— Data section —

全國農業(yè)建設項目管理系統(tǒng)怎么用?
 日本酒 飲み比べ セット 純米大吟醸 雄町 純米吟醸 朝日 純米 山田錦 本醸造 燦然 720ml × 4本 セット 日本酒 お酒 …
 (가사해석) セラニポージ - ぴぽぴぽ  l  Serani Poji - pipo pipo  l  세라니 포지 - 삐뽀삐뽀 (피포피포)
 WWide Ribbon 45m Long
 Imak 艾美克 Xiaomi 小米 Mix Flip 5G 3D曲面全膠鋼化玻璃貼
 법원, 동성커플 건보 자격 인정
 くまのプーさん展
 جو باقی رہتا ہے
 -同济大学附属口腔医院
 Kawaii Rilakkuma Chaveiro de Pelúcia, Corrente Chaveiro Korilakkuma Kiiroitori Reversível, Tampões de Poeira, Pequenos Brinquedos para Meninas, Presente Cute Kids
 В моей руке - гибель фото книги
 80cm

— Task to carry out —
Reproduce the records above exactly, starting with the line that contains "Imak 艾美克 Xiaomi 小米 Mix Flip 5G 3D曲面全膠鋼化玻璃貼" and ending with the last line.

— Task result —
 Imak 艾美克 Xiaomi 小米 Mix Flip 5G 3D曲面全膠鋼化玻璃貼
 법원, 동성커플 건보 자격 인정
 くまのプーさん展
 جو باقی رہتا ہے
 -同济大学附属口腔医院
 Kawaii Rilakkuma Chaveiro de Pelúcia, Corrente Chaveiro Korilakkuma Kiiroitori Reversível, Tampões de Poeira, Pequenos Brinquedos para Meninas, Presente Cute Kids
 В моей руке - гибель фото книги
 80cm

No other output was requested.